I'm confused about frame rates. I make short animated films and I'd like my animation to look as smooth and beautiful as possible. I use a variety of source material: drawings, photos, particle generators, etc. Should I be building my shorts at 23.976 or 29.97 or something else entirely? And what's the difference between "i" and "p". I guess they stand for interpolated and progressive, but how does this affect the outcome? Thanks. Ellen
Thank you Stephen. I do like the film look. Although, I wonder if I can really tell the difference ––– I even have an MFA in film, given back in the days when film and video had nothing to do with each other.
So now can you tell me what fields are? Also, I've heard that faster frame rates can give you smoother animation. Is this true?
Sorry for the delayed response, I've been buried knee deep in work. To answer your question.
Interlaced video is a scanning method that divides a video frame into two fields, each consisting of alternating odd and even lines that are scanned at different times. When those two fields are put together you have what you see in a frame.
A progressive scan just scans all of the lines consecutively.
Frame rates lower than 40 fps can cause noticeable flicker. When NTSC and PAL were invented, faster frame rates were not practical to implement. Interlaced scanning was devised to create a perceived frame rate of 60 fps (NTSC) or 50 fps (PAL). Interlaced video scans the display twice, using two fields, to complete a single frame. A single field contains only the odd lines (1, 3, 5, 7, and so on) or the even lines (2, 4, 6, 8, and so on) of the frame. If you could stop the video scanning process to observe a single video field, you would see that every other line is missing, like venetian blinds or a comb.

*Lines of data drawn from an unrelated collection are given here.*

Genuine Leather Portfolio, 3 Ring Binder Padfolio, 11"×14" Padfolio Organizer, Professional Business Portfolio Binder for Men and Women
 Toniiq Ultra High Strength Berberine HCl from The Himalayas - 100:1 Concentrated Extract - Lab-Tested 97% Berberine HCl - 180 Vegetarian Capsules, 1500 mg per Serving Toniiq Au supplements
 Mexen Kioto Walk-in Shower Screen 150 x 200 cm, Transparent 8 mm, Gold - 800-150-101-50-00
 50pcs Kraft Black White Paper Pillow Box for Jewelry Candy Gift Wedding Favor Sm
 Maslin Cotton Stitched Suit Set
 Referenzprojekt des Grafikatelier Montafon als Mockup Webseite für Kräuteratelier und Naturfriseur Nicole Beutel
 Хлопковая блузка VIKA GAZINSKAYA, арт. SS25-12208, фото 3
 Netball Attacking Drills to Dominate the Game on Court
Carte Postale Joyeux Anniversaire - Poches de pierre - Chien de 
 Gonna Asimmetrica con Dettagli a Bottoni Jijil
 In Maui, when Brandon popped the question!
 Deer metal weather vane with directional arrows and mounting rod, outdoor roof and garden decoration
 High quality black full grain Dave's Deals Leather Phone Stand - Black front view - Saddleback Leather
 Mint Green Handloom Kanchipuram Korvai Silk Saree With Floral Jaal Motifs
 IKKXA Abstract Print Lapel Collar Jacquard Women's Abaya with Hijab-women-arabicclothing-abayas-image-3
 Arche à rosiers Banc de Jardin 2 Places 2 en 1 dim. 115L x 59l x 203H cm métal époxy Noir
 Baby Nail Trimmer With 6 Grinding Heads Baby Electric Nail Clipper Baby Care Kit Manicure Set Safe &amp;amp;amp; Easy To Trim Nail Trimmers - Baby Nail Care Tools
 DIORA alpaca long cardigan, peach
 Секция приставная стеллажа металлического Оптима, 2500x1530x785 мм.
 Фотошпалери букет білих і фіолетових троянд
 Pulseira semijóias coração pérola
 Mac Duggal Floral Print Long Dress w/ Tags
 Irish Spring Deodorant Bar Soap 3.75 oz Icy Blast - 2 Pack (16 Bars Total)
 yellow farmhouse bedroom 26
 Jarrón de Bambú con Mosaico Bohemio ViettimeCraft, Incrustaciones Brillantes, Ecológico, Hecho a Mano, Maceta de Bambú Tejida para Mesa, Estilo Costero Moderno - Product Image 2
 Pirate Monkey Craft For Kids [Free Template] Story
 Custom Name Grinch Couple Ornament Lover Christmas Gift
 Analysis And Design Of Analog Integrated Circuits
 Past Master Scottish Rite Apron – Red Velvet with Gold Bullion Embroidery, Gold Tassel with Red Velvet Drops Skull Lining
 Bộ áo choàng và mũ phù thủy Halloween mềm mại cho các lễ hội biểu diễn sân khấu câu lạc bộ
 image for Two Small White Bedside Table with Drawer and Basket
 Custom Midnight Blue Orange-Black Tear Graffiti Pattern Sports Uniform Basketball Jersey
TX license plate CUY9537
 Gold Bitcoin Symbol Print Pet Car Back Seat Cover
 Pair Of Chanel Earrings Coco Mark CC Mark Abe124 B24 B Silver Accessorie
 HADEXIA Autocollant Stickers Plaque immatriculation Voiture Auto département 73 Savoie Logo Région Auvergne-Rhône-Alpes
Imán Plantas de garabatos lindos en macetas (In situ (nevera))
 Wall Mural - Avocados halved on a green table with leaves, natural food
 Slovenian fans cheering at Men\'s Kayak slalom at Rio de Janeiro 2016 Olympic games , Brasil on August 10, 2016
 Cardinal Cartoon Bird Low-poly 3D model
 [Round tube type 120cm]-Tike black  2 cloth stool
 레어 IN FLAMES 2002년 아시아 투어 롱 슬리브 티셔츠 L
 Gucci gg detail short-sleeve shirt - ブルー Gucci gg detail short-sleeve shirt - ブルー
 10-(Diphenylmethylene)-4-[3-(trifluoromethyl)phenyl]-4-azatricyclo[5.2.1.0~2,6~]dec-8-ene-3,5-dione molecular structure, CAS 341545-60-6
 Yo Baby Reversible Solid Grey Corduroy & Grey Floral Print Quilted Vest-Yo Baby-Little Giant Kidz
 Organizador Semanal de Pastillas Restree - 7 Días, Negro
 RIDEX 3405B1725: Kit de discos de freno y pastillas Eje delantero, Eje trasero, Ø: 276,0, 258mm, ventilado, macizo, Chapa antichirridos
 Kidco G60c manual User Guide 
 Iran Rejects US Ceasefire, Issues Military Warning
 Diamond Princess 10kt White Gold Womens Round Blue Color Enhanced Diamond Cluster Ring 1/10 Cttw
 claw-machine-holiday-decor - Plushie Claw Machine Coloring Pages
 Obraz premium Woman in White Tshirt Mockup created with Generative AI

Because the fields are changing at twice the frame rate, there is less perceived flicker than if each frame was scanned progressively. For example, with NTSC, a field of odd lines is scanned in 1/60 of a second and a field of even lines follows in the next 1/60 of a second, resulting in a complete frame every 1/30 of a second. Take a look at the image below:
As for frame rates, I recommend you play around with some different frame rates and see what you like. For a documentary I'm working on that is 24p we decided to make the animations 30fps for a smother look.